• SOURCE DATA:
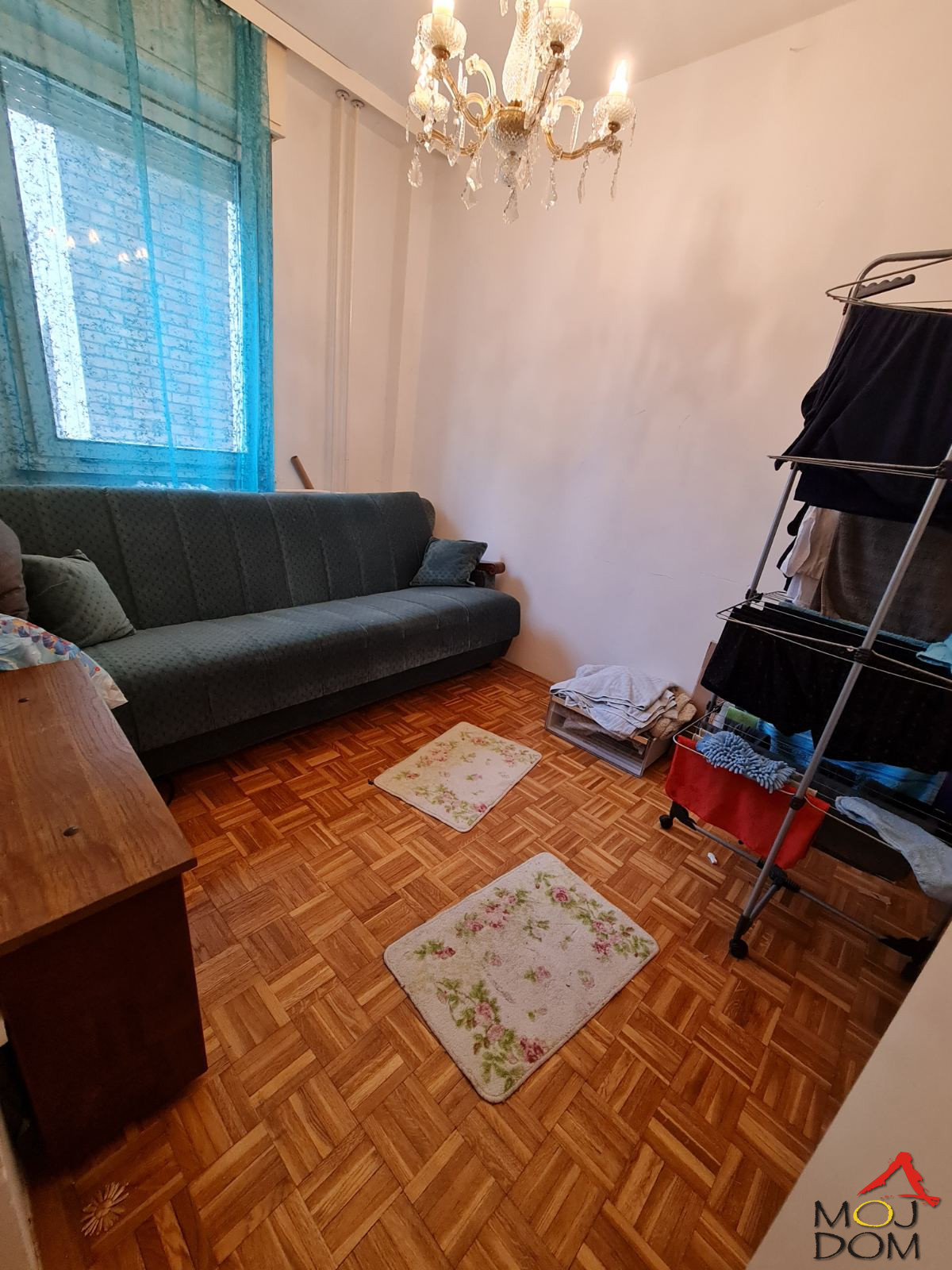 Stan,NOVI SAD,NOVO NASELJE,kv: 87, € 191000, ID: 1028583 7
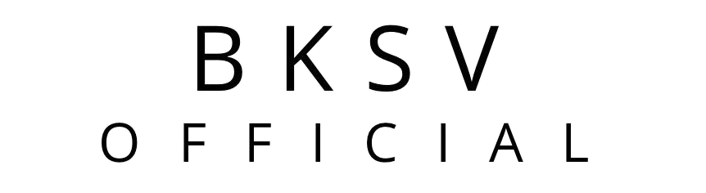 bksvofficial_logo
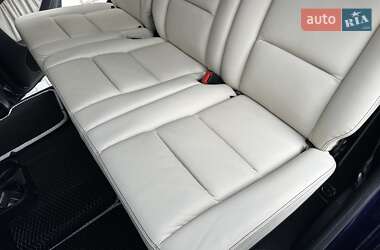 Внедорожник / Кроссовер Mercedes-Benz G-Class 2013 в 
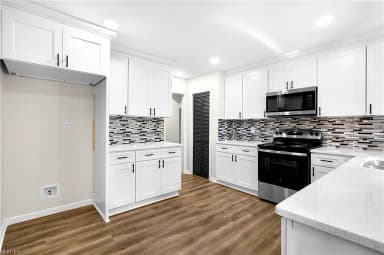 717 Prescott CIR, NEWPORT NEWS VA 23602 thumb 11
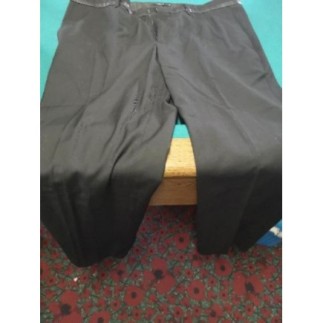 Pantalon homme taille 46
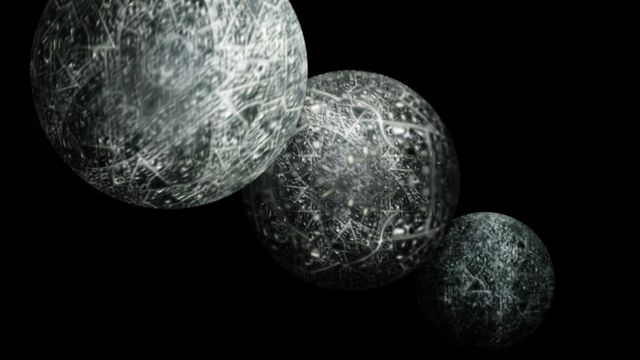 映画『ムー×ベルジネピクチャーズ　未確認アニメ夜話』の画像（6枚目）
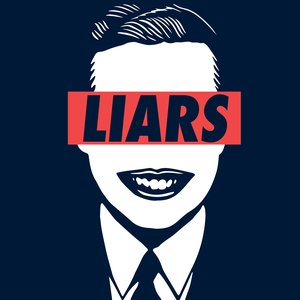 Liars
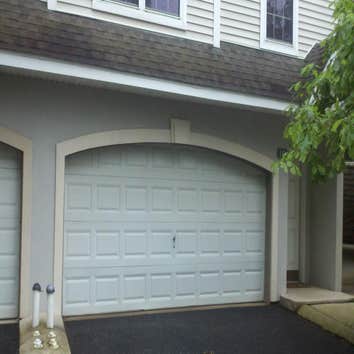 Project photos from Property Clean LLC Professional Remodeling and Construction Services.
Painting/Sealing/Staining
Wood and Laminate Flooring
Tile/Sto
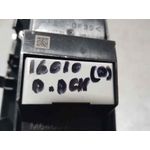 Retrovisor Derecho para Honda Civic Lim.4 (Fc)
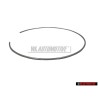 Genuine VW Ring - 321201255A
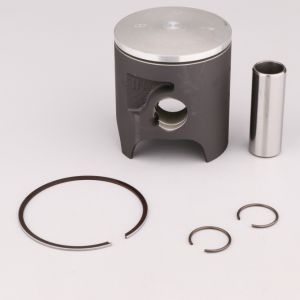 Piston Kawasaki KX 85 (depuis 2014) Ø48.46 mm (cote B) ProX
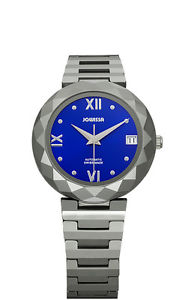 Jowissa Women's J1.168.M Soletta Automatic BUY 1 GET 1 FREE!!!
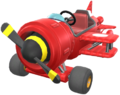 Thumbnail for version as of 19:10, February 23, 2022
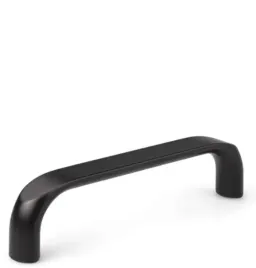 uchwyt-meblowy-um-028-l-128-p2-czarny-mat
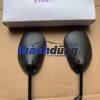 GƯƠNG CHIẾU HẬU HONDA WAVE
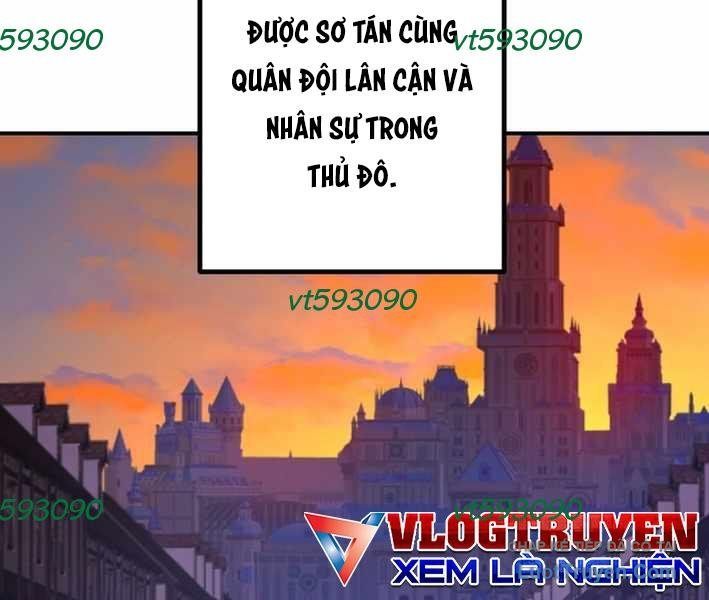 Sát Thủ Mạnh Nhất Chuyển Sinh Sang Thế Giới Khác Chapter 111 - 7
...
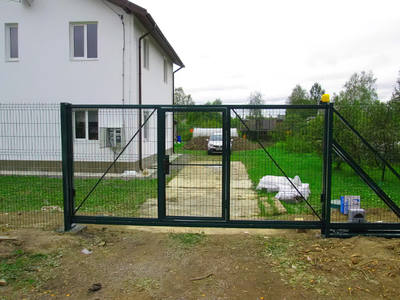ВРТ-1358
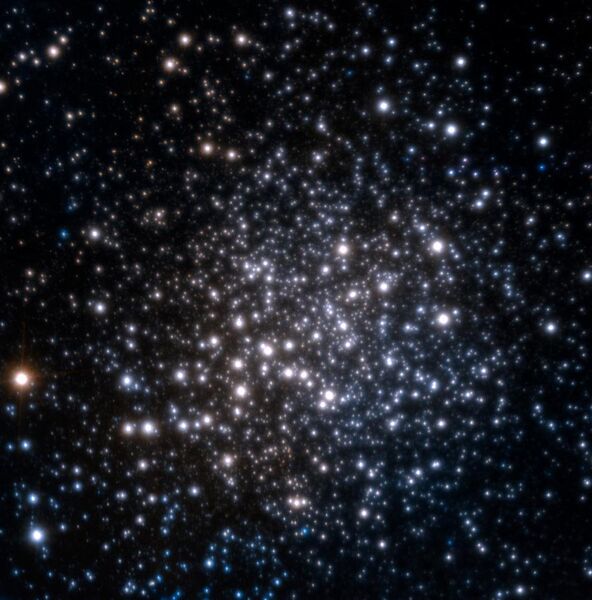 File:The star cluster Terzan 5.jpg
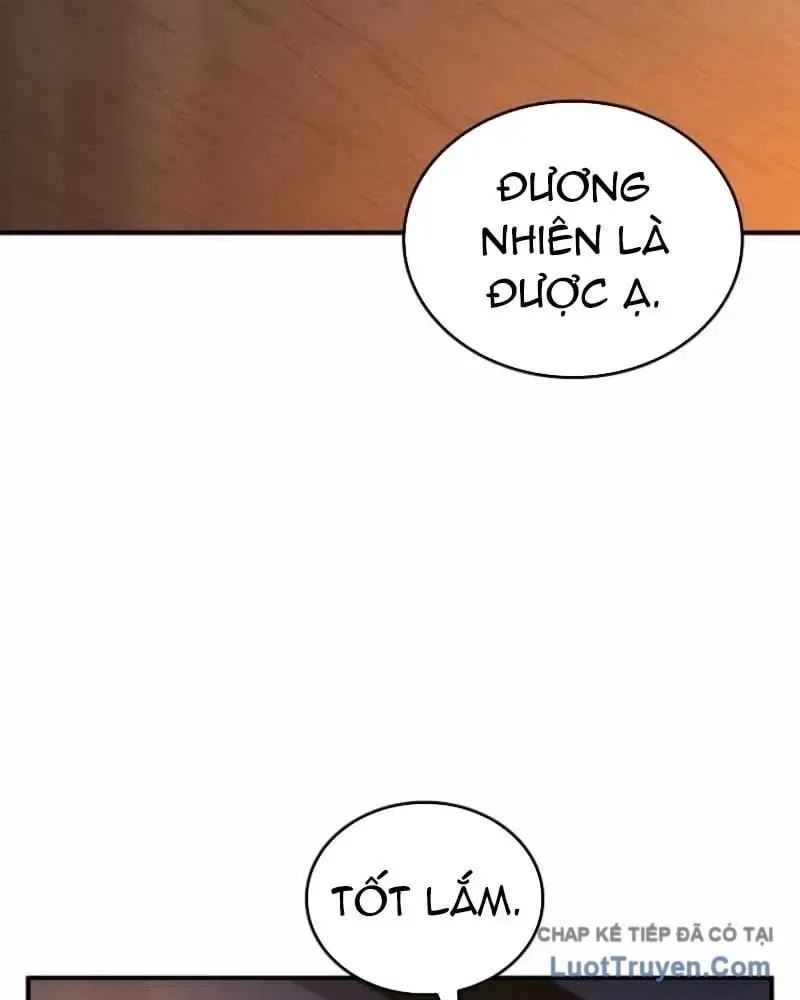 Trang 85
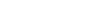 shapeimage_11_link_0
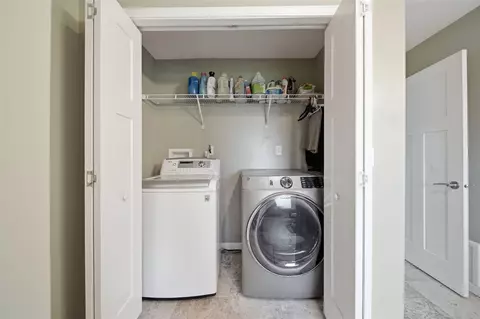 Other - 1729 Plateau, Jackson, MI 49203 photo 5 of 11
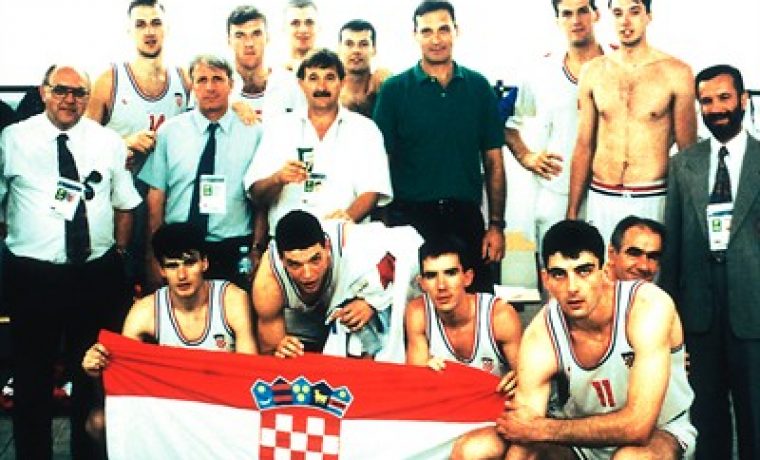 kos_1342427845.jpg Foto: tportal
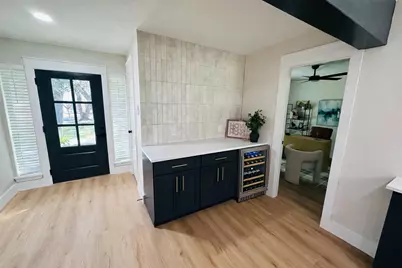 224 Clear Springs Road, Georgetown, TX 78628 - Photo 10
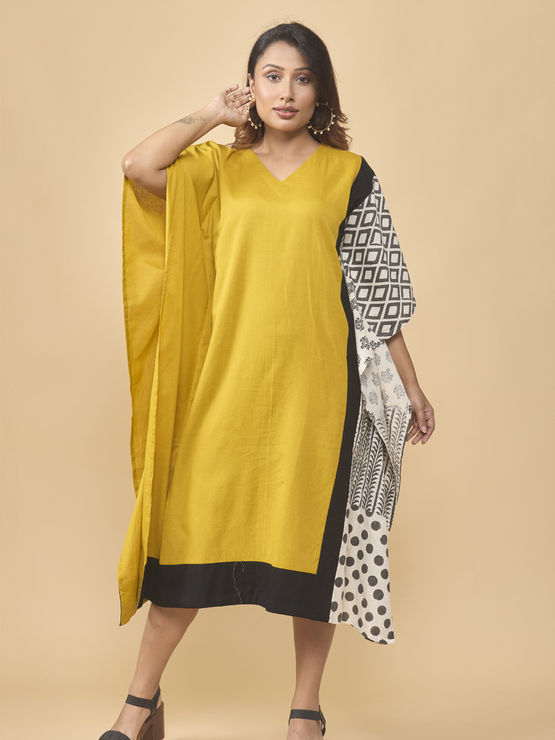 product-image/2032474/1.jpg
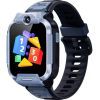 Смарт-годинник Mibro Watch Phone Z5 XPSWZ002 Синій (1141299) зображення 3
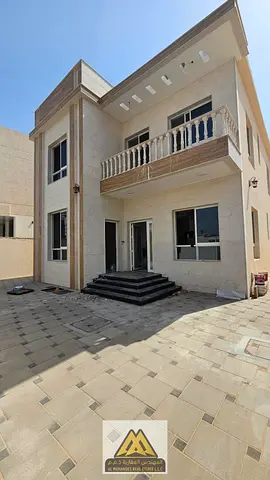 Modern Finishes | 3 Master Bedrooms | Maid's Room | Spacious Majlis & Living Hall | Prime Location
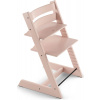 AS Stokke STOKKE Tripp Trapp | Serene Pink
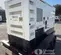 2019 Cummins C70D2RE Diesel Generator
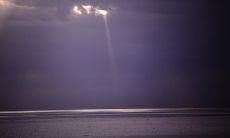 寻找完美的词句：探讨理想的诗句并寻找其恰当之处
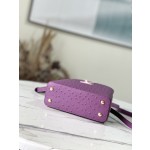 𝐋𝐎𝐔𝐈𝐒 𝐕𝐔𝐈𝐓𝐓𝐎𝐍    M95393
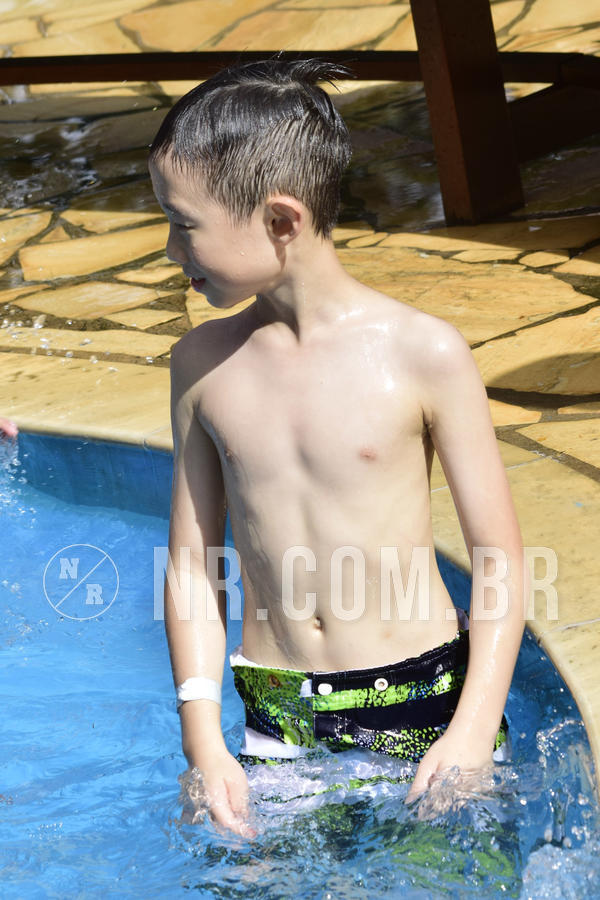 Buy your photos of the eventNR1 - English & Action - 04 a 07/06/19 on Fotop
* * *
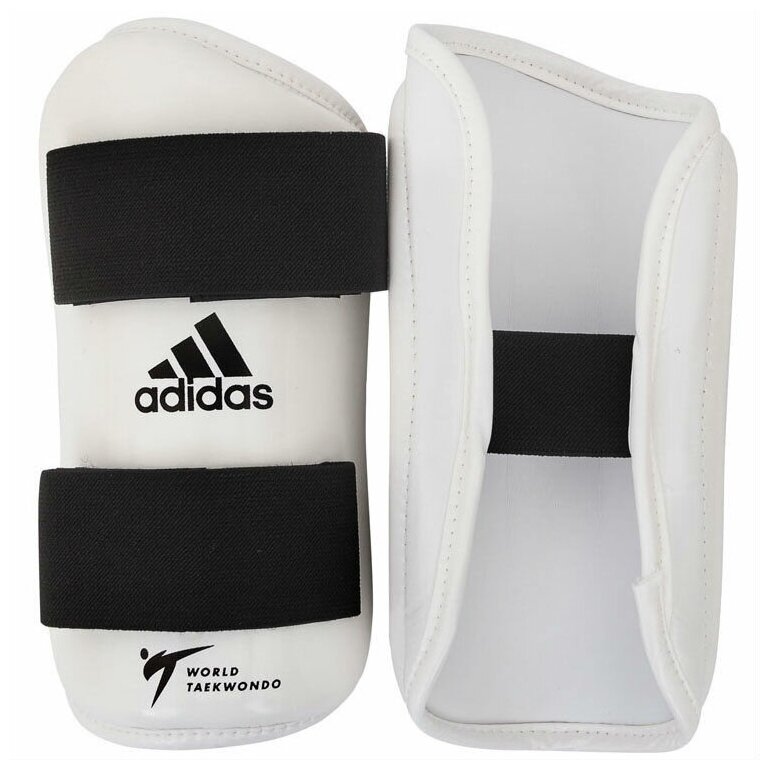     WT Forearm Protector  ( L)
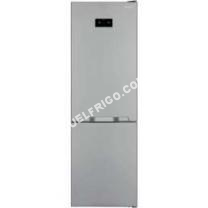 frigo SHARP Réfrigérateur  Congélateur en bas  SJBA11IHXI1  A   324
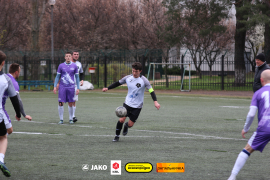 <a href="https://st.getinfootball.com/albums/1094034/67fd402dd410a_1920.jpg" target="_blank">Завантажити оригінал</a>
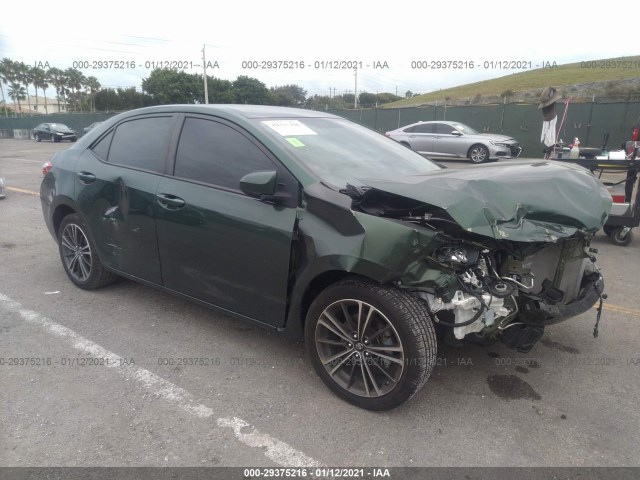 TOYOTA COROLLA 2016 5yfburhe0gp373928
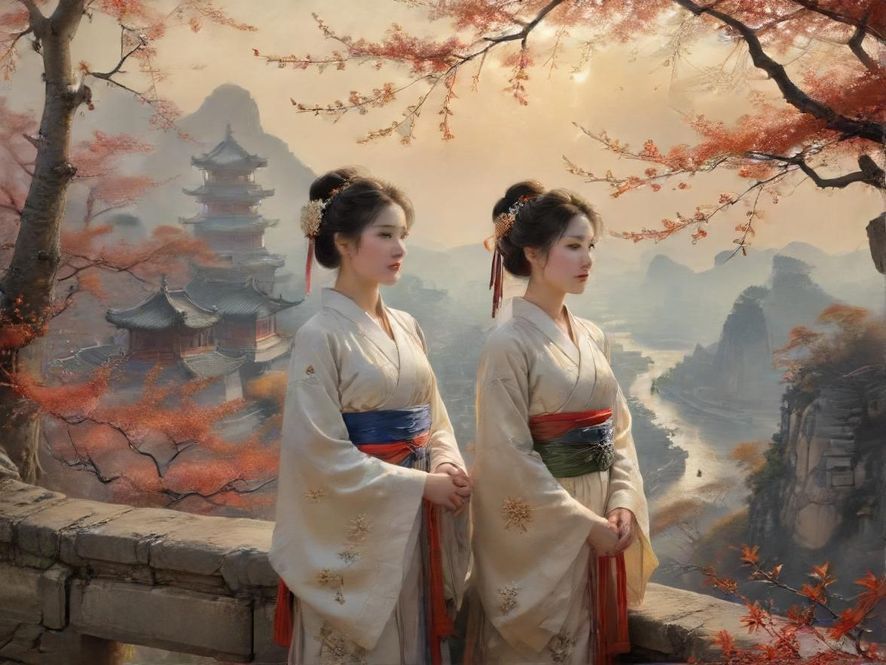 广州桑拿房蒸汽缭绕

• PROMPT: An exact copy is needed of the entries above, starting at the line that holds "Stan,NOVI SAD,NOVO NASELJE,kv: 87, €" and stopping at the line that holds "Project photos from", both kept; pictures stay out.

• REPLY:
 Stan,NOVI SAD,NOVO NASELJE,kv: 87, € 191000, ID: 1028583 7
 bksvofficial_logo
 Внедорожник / Кроссовер Mercedes-Benz G-Class 2013 в 
 717 Prescott CIR, NEWPORT NEWS VA 23602 thumb 11
 Pantalon homme taille 46
 映画『ムー×ベルジネピクチャーズ　未確認アニメ夜話』の画像（6枚目）
 Liars
 Project photos from Property Clean LLC Professional Remodeling and Construction Services.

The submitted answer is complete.